Maladaptive Daydreaming: where wild minds come to rest
Under this smile lays a dark secret that I have shared with almost no one. It eats me alive everyday, yet I enjoy every minute of it. It makes me cry, yet I love it. I hate it more than anything in the world, but it’s my best friend. I have Maladaptive Daydreaming Disorder. I live in a fake world with fake people. I used to always think I was a lunatic and I needed to be in a staright jacket, until I found out what I have. When I told people, they didn’t understand, but I expected it. I barely understand it myself. Why can’t I just tell myself to stop? Why can’t I control my thoughts? Anyone I’ve told has asked me these things. I ask myself these questions everyday. Why do I make my daydreams sad and depressing when I would rather be happy? Another question that confuses me and others that know.
Something people that don’t have this don’t understand is the emotions we have towards our characters. They’ve grown to be our best friends, our lovers, our enemies. But we could never let them go. I wouldn’t kill off the two main enemies in my daydream. Ever. And most people don’t understand that. Why would you keep someone around that made you angry and frustrated? Because perfect is boring, that’s why. After about an hour of my characters in a perfect scenerio, I get bored with all the fluff, so I throw in a problem. I can daydream about my characters suffering through that problem for hours, days, weeks, months, or even years. My characters have been dealing with a huge problem for about a year and a half now, with small problems thrown in.
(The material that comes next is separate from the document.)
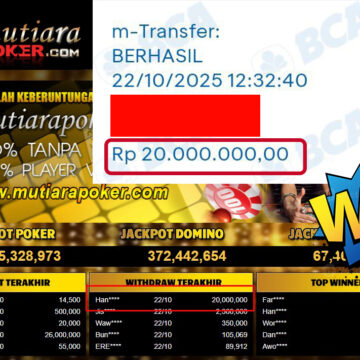 Bukti Withdraw ( 20,000,000,- ) Member Setia MutiaraPokerc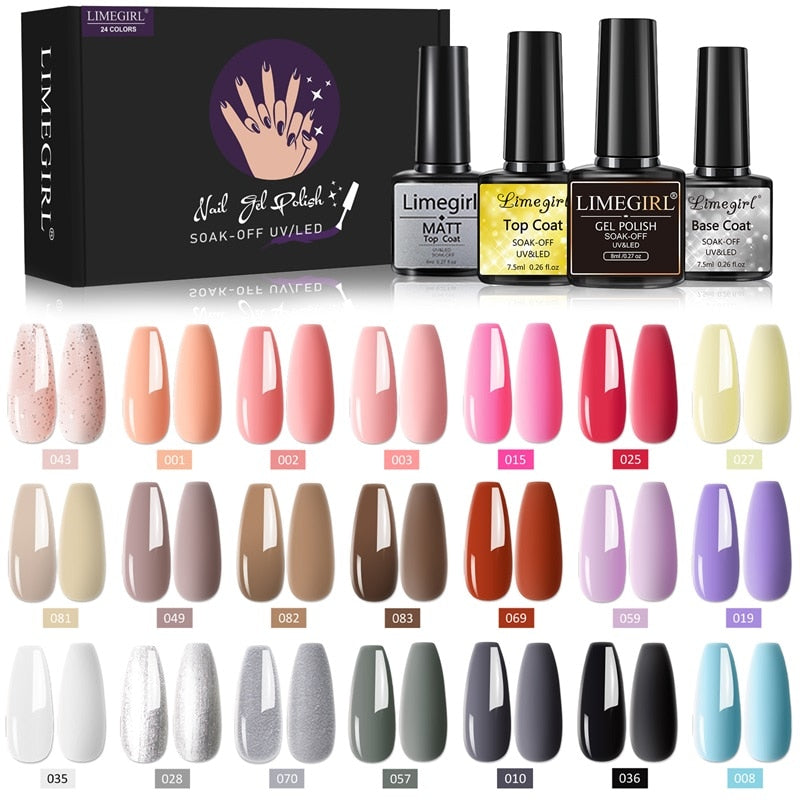 Limegirl Gel Nail Polish Set Kit Pink Glitter Popular Spring 60/40/24 Colors Semi Permanent UV Led Gel Varnish Soak Off Nail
So, why don’t we stop? In reality, I don’t know why. It makes us feel good, I guess. We’re addicted to it. But unlike drunks or drug users, we can’t seperate ourselves from our problem. There is no way to free yourself of your imagination. And we need help; but almost no one out there is willing to help us. How many doctors do you see trying to find a solution to cancer. Now look at the number of doctors trying to learn more and understand Maladaptive Daydreaming Disorder. Big differenece, right? Even though Day Dreaming isn’t nearly as bad as cancer, they should still look into it like they would any other disorder. It is so frustrating.
I want to connect with people. I want to do something fun without my Dream World interfering with my thoughts. I want help...no, I need help. We need help. But we’re trapped, and like I said before, almost no one is willing to help us.